==== Entries shown ====
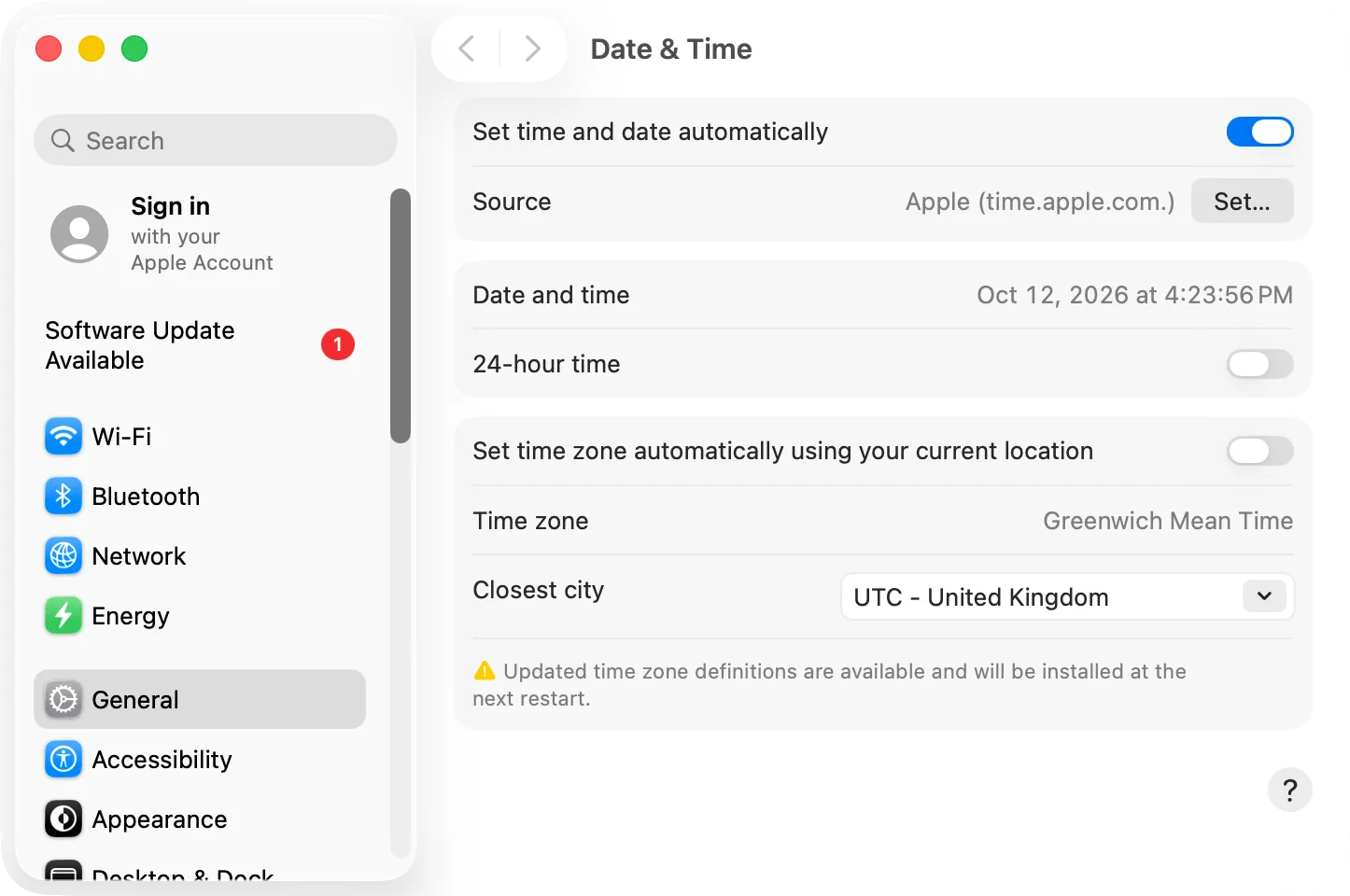 System Settings › General › Date & Time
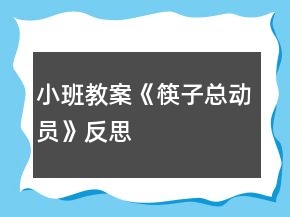 小班教案《筷子總動員》反思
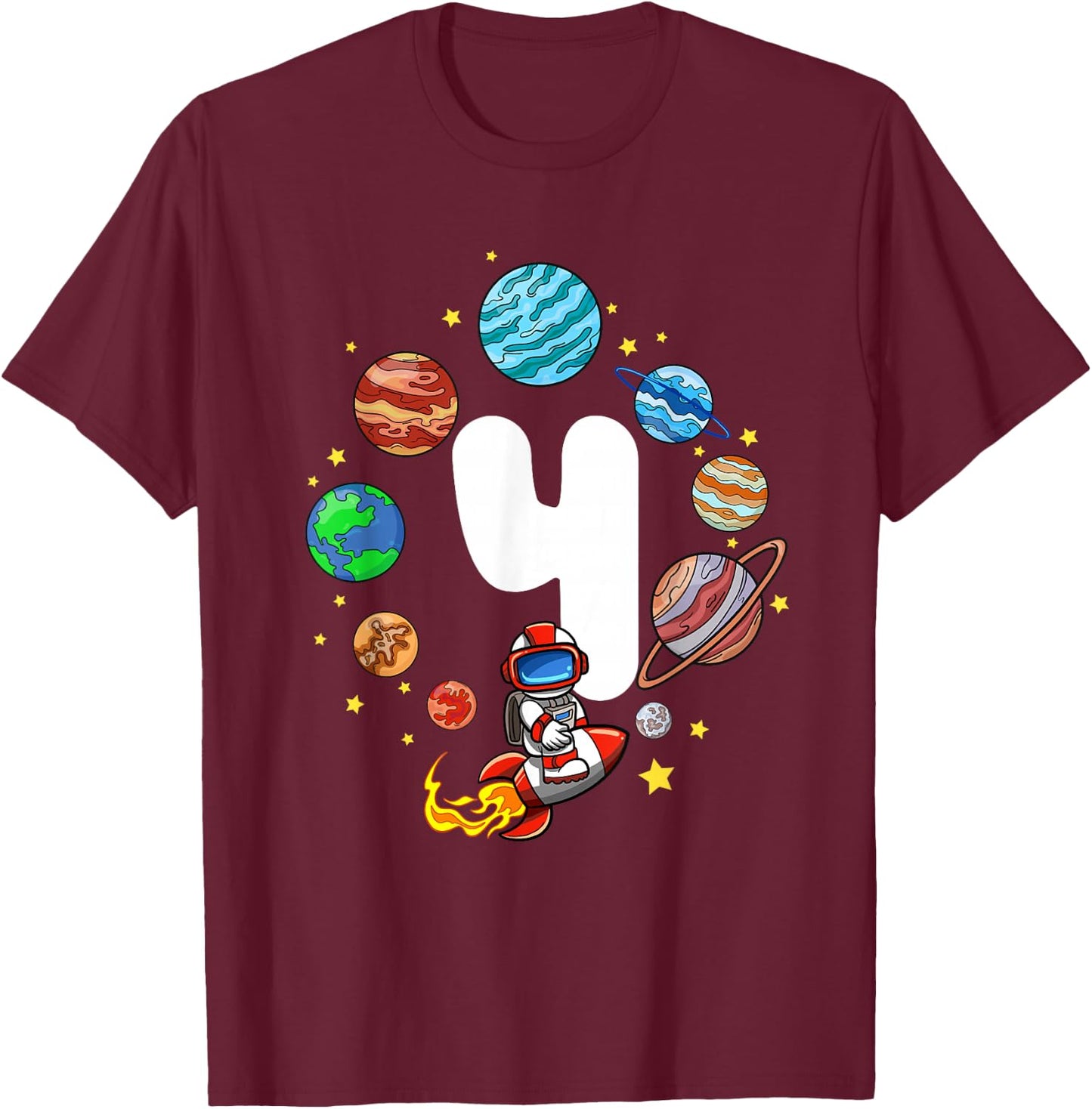 Space Birthday 4 Boys Astronaut Planets Rocket Ship Party T-Shirt - T-Shirt | Maroon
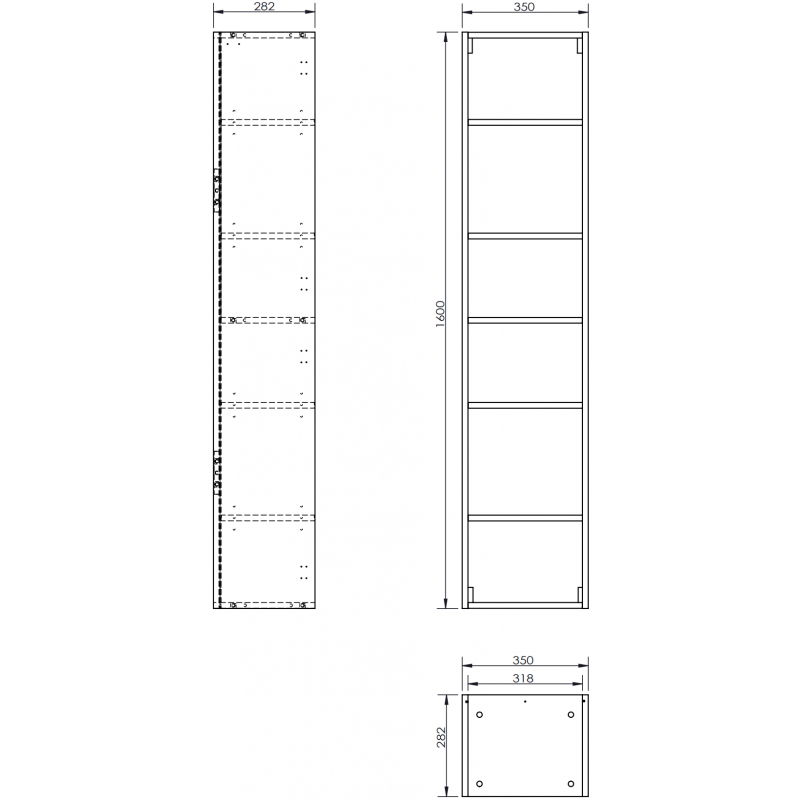 Mexen Box-A корпус за баня 35 см, сив мат - 91AX1-1600-300-1-62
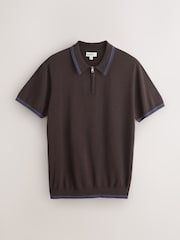 Chocolate Brown Slim Fit N. Premium Tipped Short Sleeve Quarter Zip Knit Polo Shirt - Image 6 of 8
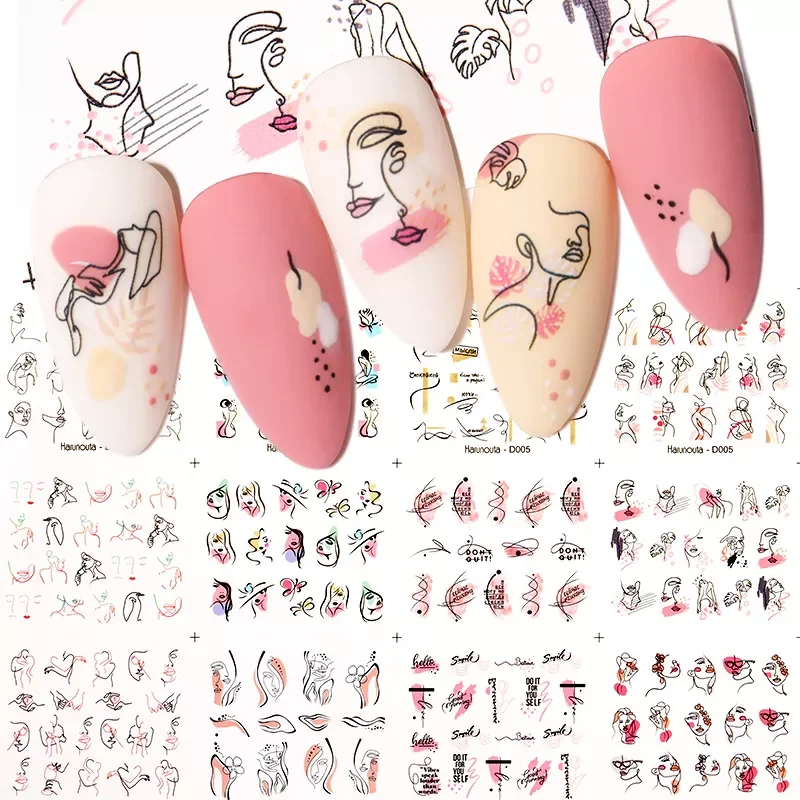 

2023NEW Styles Nail Water Decals Abstract Lady Face Pattern Nail Stickers Color Block Lines Leaf Flowers Sliders Manicures Foils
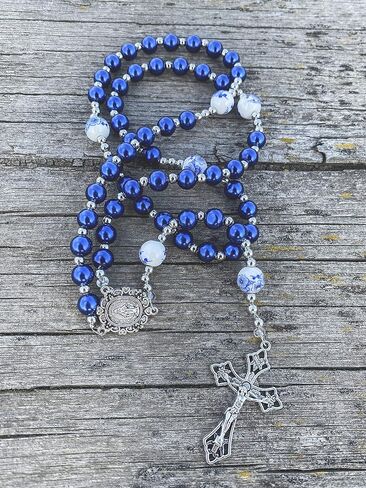 Nazareth Store Flowers Beads Rosary Necklace Crystallized Glass Pearl Beaded Rosary Miraculous Medal and Crucifix (Blue) in Saudi Arabia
====
With pictures left out, transcribe each line from the one containing "小班教案《筷子總動員》反思" through the end of the data, both ends included.

■ **Result of this task**
 小班教案《筷子總動員》反思
 Space Birthday 4 Boys Astronaut Planets Rocket Ship Party T-Shirt - T-Shirt | Maroon
 Mexen Box-A корпус за баня 35 см, сив мат - 91AX1-1600-300-1-62
 Chocolate Brown Slim Fit N. Premium Tipped Short Sleeve Quarter Zip Knit Polo Shirt - Image 6 of 8

2023NEW Styles Nail Water Decals Abstract Lady Face Pattern Nail Stickers Color Block Lines Leaf Flowers Sliders Manicures Foils
 Nazareth Store Flowers Beads Rosary Necklace Crystallized Glass Pearl Beaded Rosary Miraculous Medal and Crucifix (Blue) in Saudi Arabia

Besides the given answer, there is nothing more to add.